EXERCISE REQUIREMENTS:
Transcribe the records below. Leave nothing out and change nothing.
_ _ _ _ _
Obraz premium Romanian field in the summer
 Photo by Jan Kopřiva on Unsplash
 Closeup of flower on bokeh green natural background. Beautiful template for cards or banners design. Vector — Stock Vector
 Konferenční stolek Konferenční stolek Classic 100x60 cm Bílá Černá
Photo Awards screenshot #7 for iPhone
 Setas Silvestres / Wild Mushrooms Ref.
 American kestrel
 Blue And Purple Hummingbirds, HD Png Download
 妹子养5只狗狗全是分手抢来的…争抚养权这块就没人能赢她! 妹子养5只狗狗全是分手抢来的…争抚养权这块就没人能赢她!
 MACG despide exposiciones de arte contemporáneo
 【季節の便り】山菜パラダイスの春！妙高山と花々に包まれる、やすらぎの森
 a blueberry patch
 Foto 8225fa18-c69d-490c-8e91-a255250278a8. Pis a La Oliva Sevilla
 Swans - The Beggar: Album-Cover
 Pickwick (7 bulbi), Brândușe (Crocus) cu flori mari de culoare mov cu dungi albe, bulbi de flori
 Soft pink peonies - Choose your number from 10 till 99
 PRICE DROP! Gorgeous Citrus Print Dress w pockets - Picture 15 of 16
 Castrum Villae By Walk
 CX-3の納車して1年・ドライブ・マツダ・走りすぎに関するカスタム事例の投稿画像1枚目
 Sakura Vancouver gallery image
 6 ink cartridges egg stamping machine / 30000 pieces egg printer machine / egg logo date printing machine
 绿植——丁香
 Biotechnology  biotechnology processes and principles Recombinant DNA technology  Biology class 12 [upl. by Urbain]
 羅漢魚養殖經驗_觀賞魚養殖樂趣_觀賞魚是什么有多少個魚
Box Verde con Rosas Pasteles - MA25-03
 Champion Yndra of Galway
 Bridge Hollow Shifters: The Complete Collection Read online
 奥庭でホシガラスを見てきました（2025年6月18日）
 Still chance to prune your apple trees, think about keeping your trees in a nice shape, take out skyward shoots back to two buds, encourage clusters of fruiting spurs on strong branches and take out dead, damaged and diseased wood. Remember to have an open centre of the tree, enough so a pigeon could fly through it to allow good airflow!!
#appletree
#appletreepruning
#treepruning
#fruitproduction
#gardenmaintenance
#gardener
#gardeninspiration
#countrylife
_ _ _ _ _
ANSWER BELOW:
Obraz premium Romanian field in the summer
 Photo by Jan Kopřiva on Unsplash
 Closeup of flower on bokeh green natural background. Beautiful template for cards or banners design. Vector — Stock Vector
 Konferenční stolek Konferenční stolek Classic 100x60 cm Bílá Černá
Photo Awards screenshot #7 for iPhone
 Setas Silvestres / Wild Mushrooms Ref.
 American kestrel
 Blue And Purple Hummingbirds, HD Png Download
 妹子养5只狗狗全是分手抢来的…争抚养权这块就没人能赢她! 妹子养5只狗狗全是分手抢来的…争抚养权这块就没人能赢她!
 MACG despide exposiciones de arte contemporáneo
 【季節の便り】山菜パラダイスの春！妙高山と花々に包まれる、やすらぎの森
 a blueberry patch
 Foto 8225fa18-c69d-490c-8e91-a255250278a8. Pis a La Oliva Sevilla
 Swans - The Beggar: Album-Cover
 Pickwick (7 bulbi), Brândușe (Crocus) cu flori mari de culoare mov cu dungi albe, bulbi de flori
 Soft pink peonies - Choose your number from 10 till 99
 PRICE DROP! Gorgeous Citrus Print Dress w pockets - Picture 15 of 16
 Castrum Villae By Walk
 CX-3の納車して1年・ドライブ・マツダ・走りすぎに関するカスタム事例の投稿画像1枚目
 Sakura Vancouver gallery image
 6 ink cartridges egg stamping machine / 30000 pieces egg printer machine / egg logo date printing machine
 绿植——丁香
 Biotechnology  biotechnology processes and principles Recombinant DNA technology  Biology class 12 [upl. by Urbain]
 羅漢魚養殖經驗_觀賞魚養殖樂趣_觀賞魚是什么有多少個魚
Box Verde con Rosas Pasteles - MA25-03
 Champion Yndra of Galway
 Bridge Hollow Shifters: The Complete Collection Read online
 奥庭でホシガラスを見てきました（2025年6月18日）
 Still chance to prune your apple trees, think about keeping your trees in a nice shape, take out skyward shoots back to two buds, encourage clusters of fruiting spurs on strong branches and take out dead, damaged and diseased wood. Remember to have an open centre of the tree, enough so a pigeon could fly through it to allow good airflow!!
#appletree
#appletreepruning
#treepruning
#fruitproduction
#gardenmaintenance
#gardener
#gardeninspiration
#countrylife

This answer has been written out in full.